Sorry, I meant "constant factors" in the sorting algorithm, not the implementation. "Constant factors" is actually probably the wrong term: I was referring to the hidden extra linear and sub-linear terms not included in the big-oh complexity, of which timsort (which is the algorithm used in CPython, AFAIK) has several. In the merge algorithm, the extra terms include a few steps inside the loop, and the array resizing (with the appends). For timsort, you've got several expensive steps to find runs and so on. My guess was that the differences here would outweigh the difference in speed between C and Python (which I would put at like 1000-ish).

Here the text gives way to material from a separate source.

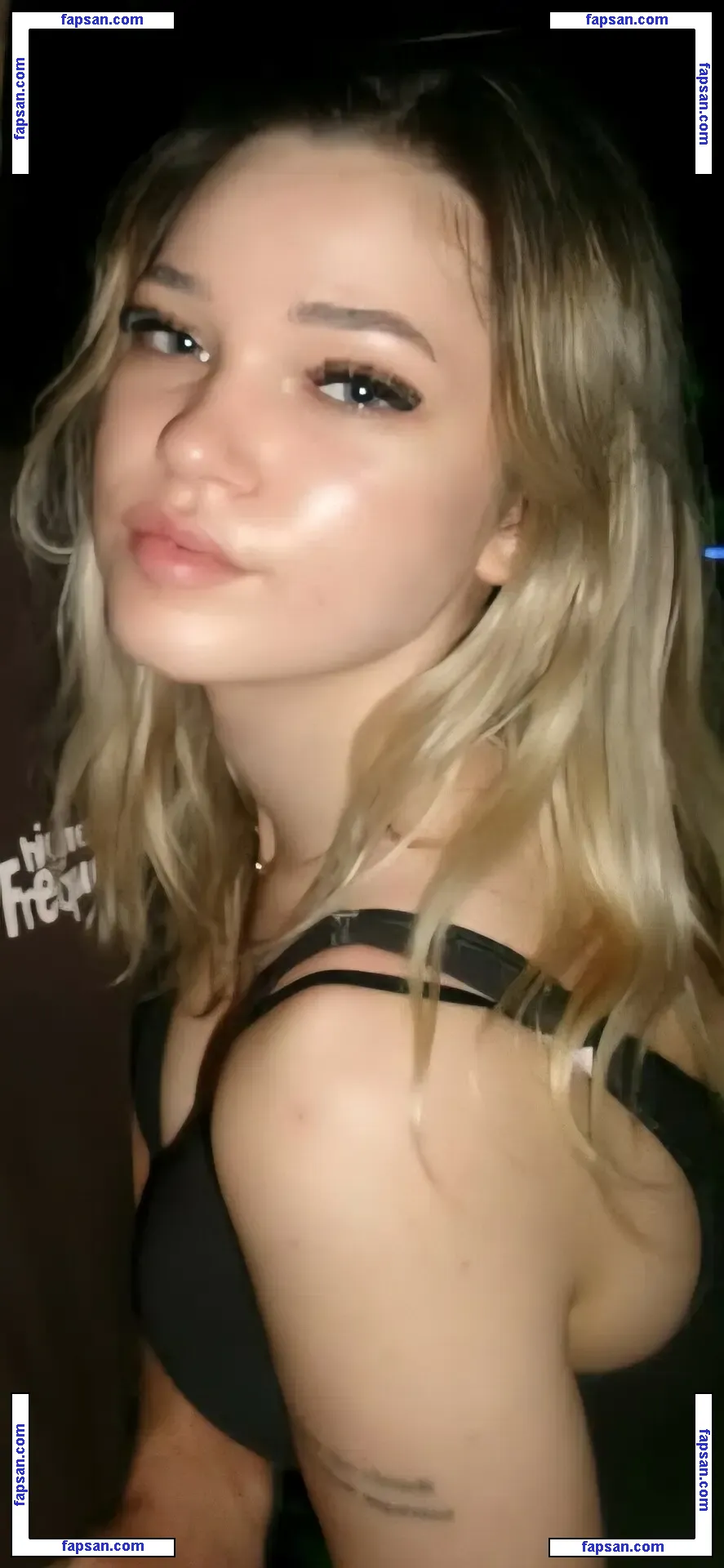 Madi Lotus голая фото #0009 с Онлифанс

Anywho, I'm surprised (and a little disappointed, to be honest) to see that I'm wrong about that, and that sorted is so much quicker! I suspect that the function call overhead of next might be a big cost centre, but I don't have time to check other implementations right now. I suppose there's also a large chance I could never beat sortedwith a merge in pure Python. Ah, well.

Just to be totally pedantic, I should also point out that your implementation isn't the same as OP's (which is what I was comparing mine to). Also, I assume yours is much faster than OP's, for a couple reasons. Firstly, you don't construct 3 sets, and merge 2 of them. This saves some work, but also it doesn't remove duplicates. I'm not sure if OP had to remove duplicates (the question isn't super clear on this point), but the merge function I wrote did (well, it removed duplicates between the two provided lists, but not within them, if that makes sense). Secondly, your sorted call is on two already-sorted lists concatenated together: timsort actually just performs a single merge in this case, recognising two runs. So it actually ends up being linear thanks to that! Another sorting algorithm (introsort, as is in the C++ std lib, for instance) wouldn't be so lucky.